# [Supplied records]
-- -- --
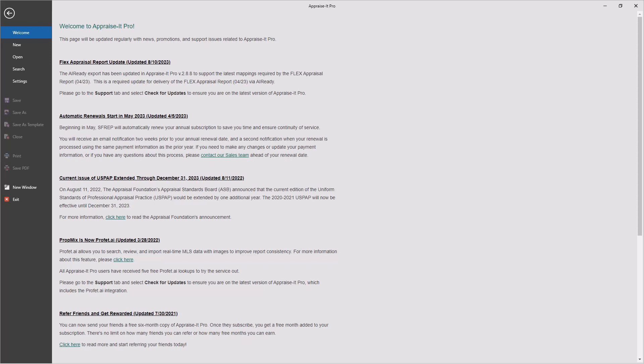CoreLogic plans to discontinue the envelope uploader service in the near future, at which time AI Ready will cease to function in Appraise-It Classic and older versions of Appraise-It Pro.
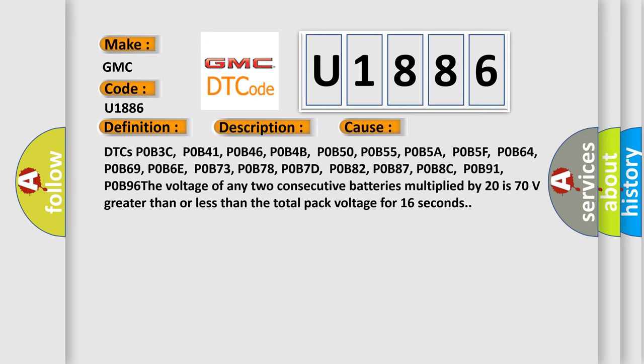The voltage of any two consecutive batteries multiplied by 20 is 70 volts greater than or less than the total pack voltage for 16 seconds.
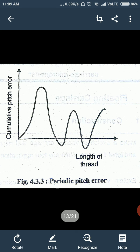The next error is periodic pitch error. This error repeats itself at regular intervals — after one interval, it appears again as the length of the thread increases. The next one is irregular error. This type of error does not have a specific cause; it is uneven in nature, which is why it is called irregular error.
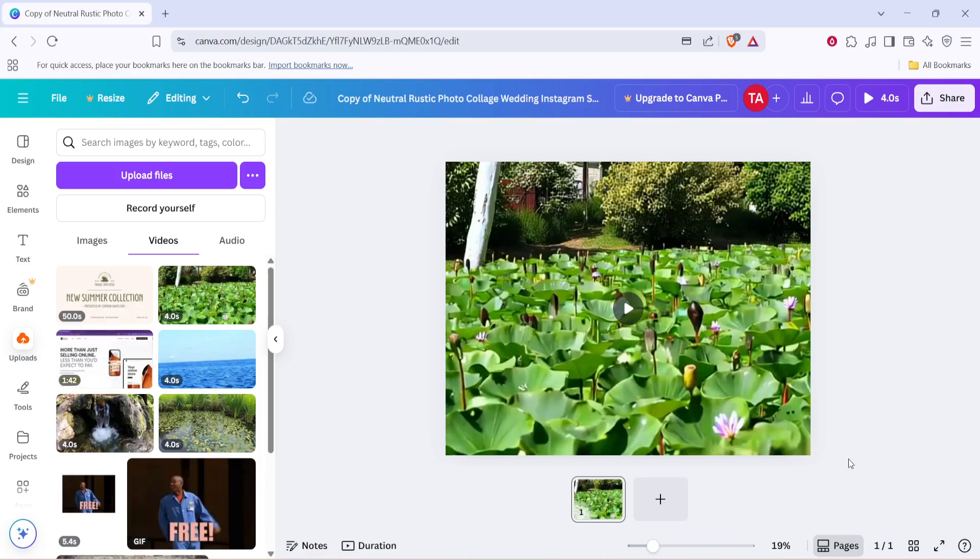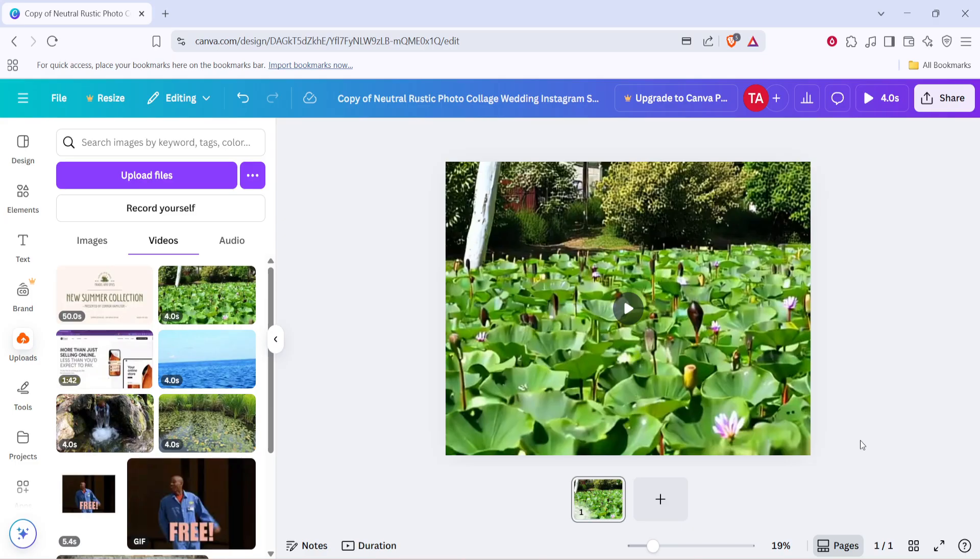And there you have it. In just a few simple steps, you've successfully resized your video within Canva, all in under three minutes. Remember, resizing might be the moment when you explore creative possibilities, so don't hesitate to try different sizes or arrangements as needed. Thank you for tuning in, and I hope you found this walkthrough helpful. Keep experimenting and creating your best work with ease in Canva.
-- -- --
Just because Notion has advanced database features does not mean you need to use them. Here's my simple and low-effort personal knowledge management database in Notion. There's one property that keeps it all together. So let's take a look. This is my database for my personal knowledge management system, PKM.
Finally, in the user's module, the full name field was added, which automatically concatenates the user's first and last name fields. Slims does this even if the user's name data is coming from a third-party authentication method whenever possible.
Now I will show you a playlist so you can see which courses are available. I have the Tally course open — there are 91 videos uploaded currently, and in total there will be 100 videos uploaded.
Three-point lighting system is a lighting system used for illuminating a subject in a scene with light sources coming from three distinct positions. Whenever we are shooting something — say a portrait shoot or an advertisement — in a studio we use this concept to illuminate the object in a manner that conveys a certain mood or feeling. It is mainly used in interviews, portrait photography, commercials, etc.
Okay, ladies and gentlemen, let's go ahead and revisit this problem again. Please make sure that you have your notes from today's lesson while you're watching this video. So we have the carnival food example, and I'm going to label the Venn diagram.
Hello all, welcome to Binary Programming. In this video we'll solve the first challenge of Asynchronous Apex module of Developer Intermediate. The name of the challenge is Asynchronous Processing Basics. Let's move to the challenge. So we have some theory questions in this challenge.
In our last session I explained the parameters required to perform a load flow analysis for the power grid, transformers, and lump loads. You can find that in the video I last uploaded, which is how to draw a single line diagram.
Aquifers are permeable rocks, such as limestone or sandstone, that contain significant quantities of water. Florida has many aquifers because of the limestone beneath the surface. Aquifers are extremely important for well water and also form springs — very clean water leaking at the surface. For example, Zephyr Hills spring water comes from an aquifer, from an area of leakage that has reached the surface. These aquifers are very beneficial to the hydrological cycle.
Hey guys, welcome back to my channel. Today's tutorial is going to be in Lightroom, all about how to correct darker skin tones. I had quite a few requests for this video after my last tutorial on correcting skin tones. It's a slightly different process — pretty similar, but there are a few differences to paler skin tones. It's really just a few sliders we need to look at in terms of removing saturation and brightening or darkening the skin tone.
-- -- --
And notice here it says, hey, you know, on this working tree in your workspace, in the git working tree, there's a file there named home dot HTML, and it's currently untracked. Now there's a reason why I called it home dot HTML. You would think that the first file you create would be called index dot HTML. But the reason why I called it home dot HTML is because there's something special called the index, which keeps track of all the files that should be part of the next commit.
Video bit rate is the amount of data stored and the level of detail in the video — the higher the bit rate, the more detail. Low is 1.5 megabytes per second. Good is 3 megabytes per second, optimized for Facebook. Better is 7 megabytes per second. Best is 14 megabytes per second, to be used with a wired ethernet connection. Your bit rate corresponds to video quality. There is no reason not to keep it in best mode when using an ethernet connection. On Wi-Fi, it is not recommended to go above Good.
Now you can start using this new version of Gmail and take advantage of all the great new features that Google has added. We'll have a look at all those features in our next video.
-- -- --
# [What you should do]
Return, from the material above, each line holding the string "used".

# [Final answer]
Three-point lighting system is a lighting system used for illuminating a subject in a scene with light sources coming from three distinct positions. Whenever we are shooting something — say a portrait shoot or an advertisement — in a studio we use this concept to illuminate the object in a manner that conveys a certain mood or feeling. It is mainly used in interviews, portrait photography, commercials, etc.
Video bit rate is the amount of data stored and the level of detail in the video — the higher the bit rate, the more detail. Low is 1.5 megabytes per second. Good is 3 megabytes per second, optimized for Facebook. Better is 7 megabytes per second. Best is 14 megabytes per second, to be used with a wired ethernet connection. Your bit rate corresponds to video quality. There is no reason not to keep it in best mode when using an ethernet connection. On Wi-Fi, it is not recommended to go above Good.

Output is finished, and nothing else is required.